Garbage Collectors solves memory management

To solve the problem of automatic garbage collection, the LISP programming language introduced garbage collection for the first time. Garbage collectors are programs that run implicitly during the runtime of a program and free up memory that is no longer required by the program, allowing other programs to utilize the blocks. For example, in our program above, a garbage collector would typically free up the memory space acquired by the old array once we copy the values from the old memory. Garbage collectors can run many algorithms to detect redundant memory space acquired by the program to free them. We won't be going into any such algorithms in this article.

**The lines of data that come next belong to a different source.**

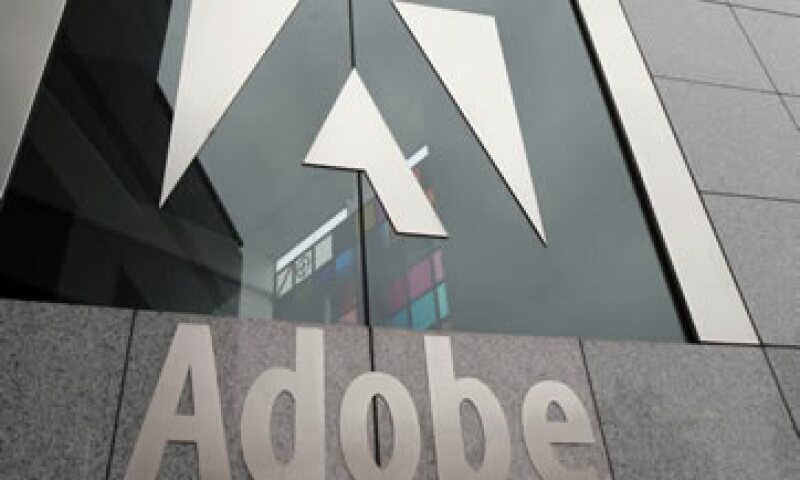 Adobe lanzó su Creative Suite 6 y los productos basados en internet Creative Cloud en el segundo trimestre. (Foto: AP)
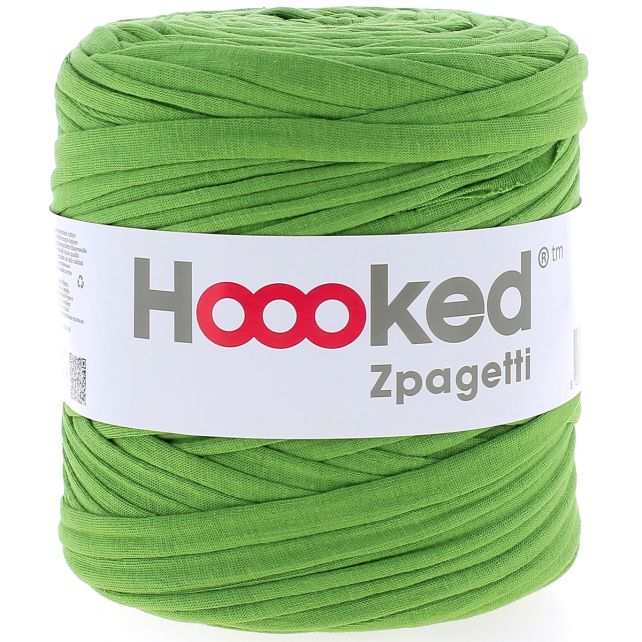 Zpagetti Cotton Yarn Marco Grinch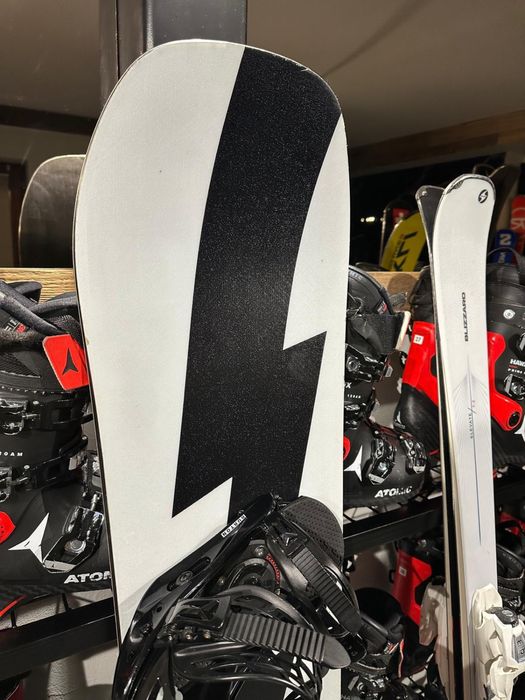 Snowboard Burton deska snowboardowa BURTON CUSTOM EXPERIENCE WIDE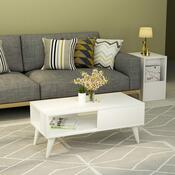 Couchtisch Seul White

Garbage Collectors become problem themselves

Garbage collectors solved crucial memory management issues by preventing leaks, but they add runtime overhead, reducing overall performance. In the Java programming language, each JVM instance runs its own garbage collector, which makes Java programs inefficient in terms of performance. Running GC in Java causes an increase in pause time while cleaning the memory, overhead in the heap memory, which again resides in the primary memory, increased latency, and more CPU usage. In addition to this, the efficiency of GCs also comes with the underlying running algorithms, which may cause complexity in certain use cases.

Can we do without garbage collectors?

The use of GC in programming languages is a boon for developers, but they do come at a cost. So a natural question arises: can we do without a GC? Or can we figure out a solution where the tradeoff between manually managing the memory and automatically preventing memory leaks can be effective? The answer to this question may lie in the new programming language on the horizon: Rust.

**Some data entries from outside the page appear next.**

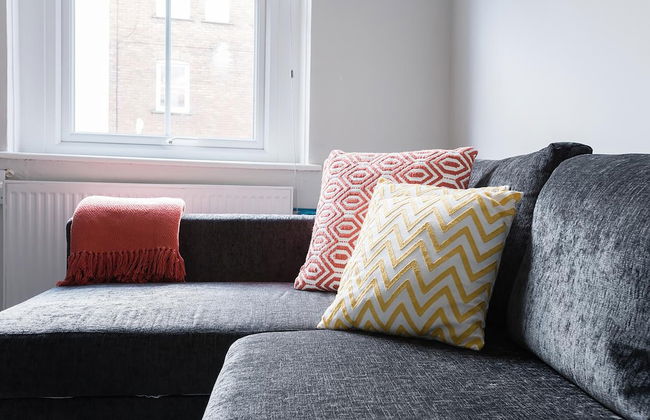 The Euston St Pancras Apartments - Foto 21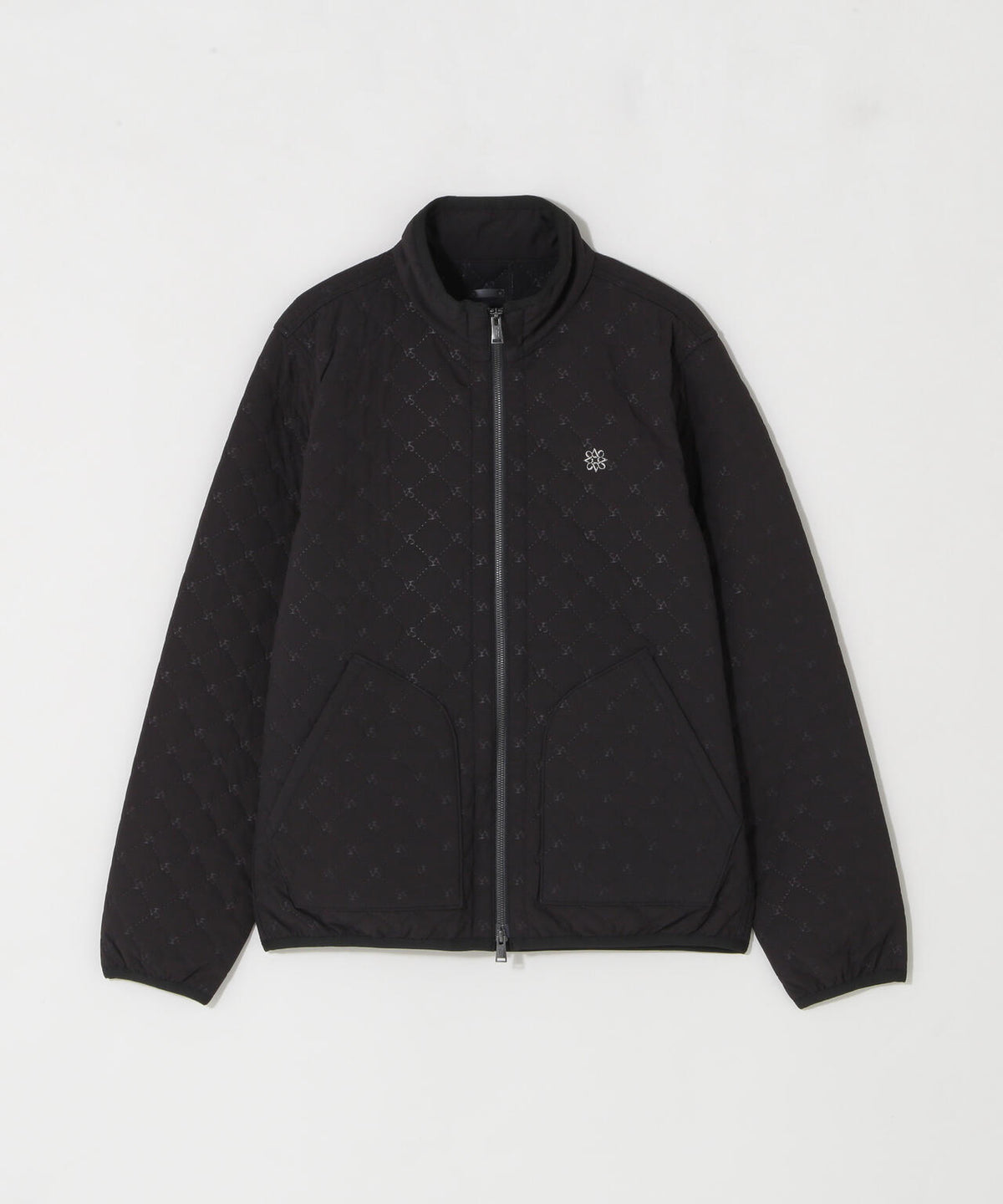 【防風】【撥水】ＳＡロゴピンソニック中綿ブルゾン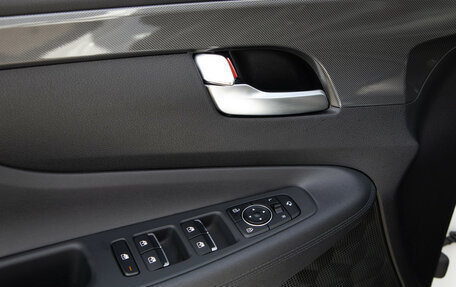 Hyundai Santa Fe IV, 2021 год, 3 548 000 рублей, 24 фотография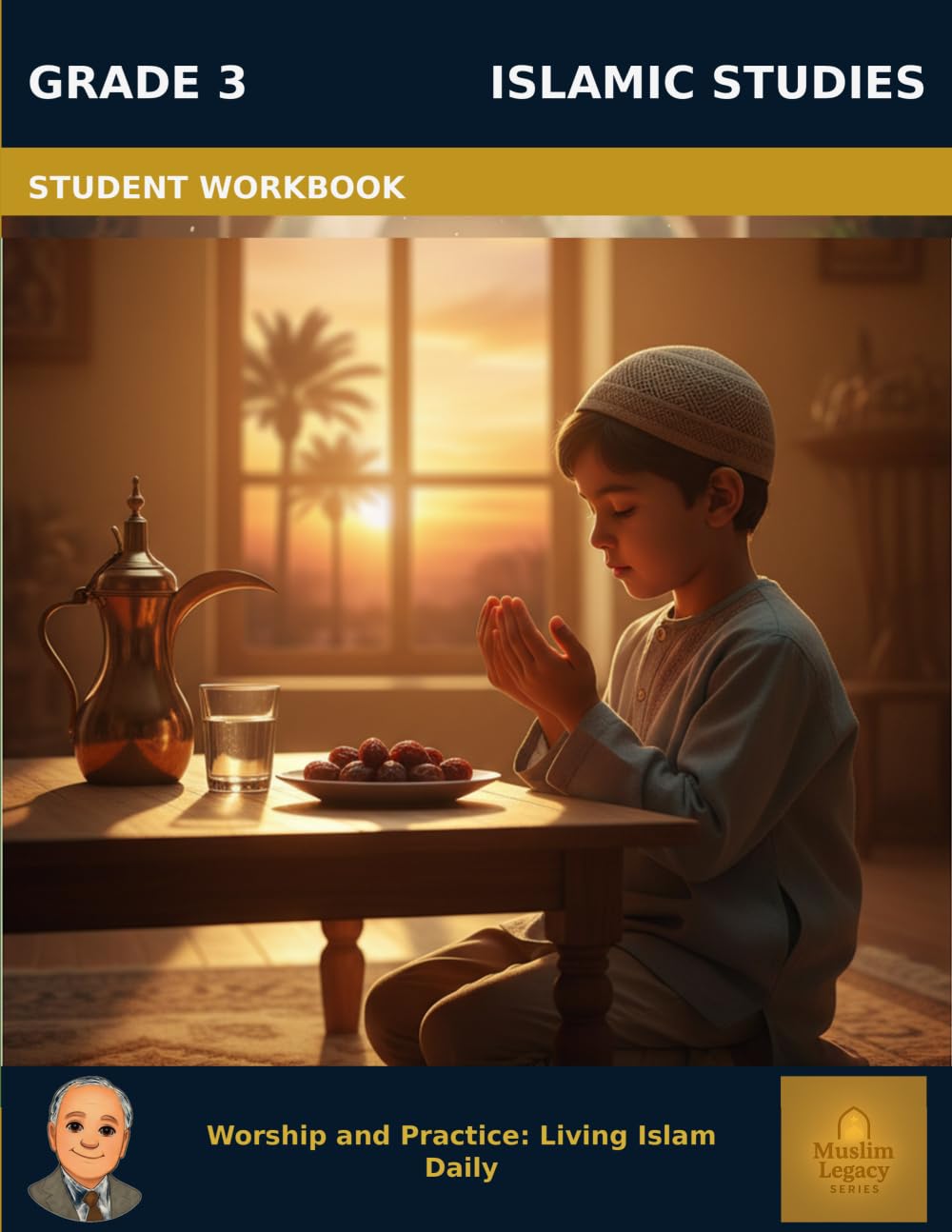 Muslim Legacy Series: Islamic Studies Grade 3 — Student Workbook: Worship & Practice
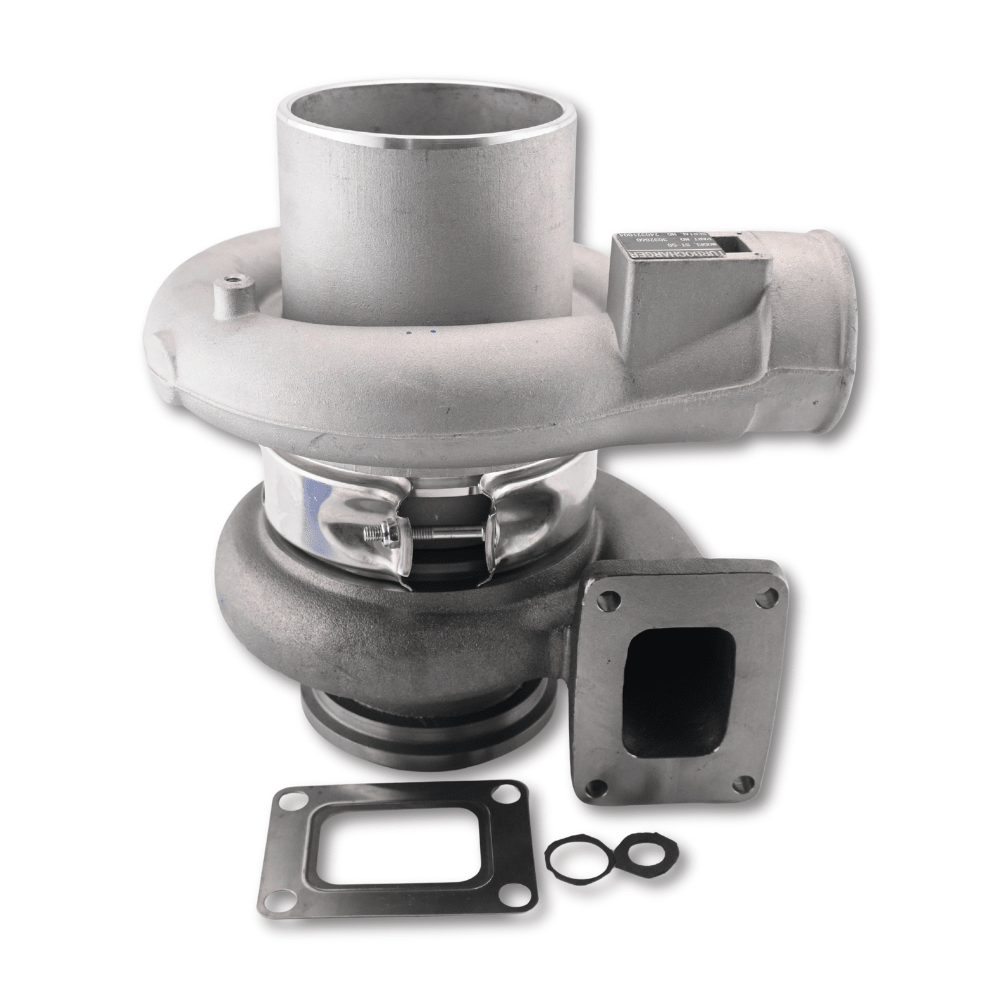 Turbo HT3B ST50 T46 VT50 Turbocharger 3032060 Fits Cummins Engine NTA855-P - Fuel Parts Depot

Rust is a fairly new programming language with C-like syntax that has removed both manual memory management modules as well as the Garbage Collector. Rust has implemented strict rules in syntax to prevent developers from ever occupying redundant memory space by implementing RAII (Resource Acquisition Is Initialization) through proposing the concept of ownership. In a nutshell, the concept of ownership tells us that each memory space currently occupied in the language will have an owner. If the owner of the memory dies, is removed, or is reassigned to another memory space, then that memory space is immediately deallocated. Additionally, an owner may own more than one memory space, which is completely fine, but if the owner is removed, then all the memory is also removed.

Implementing solutions like RAII again comes at a cost. Since the onus is now on the language to prevent developers from creating duplicate owners of memory space, it restricts developers from free-style and multi-paradigm coding.

Conclusion

With this, we have reached the end of our article: "To GC or not To GC." Rust has provided us with an example of how a language can operate without the implementation of GC in the language runtime, making itself fast and efficient. The trade-off on syntax strictness is also fair, as developers don't have to worry about manual memory management. However, GCs exist in almost all popular programming languages like Go, Python, Swift, etc., and aren't going anywhere. I believe that in the future, a solution must emerge that tries to solve the problem of memory management with a mix of both concepts: Garbage Collection and RAII.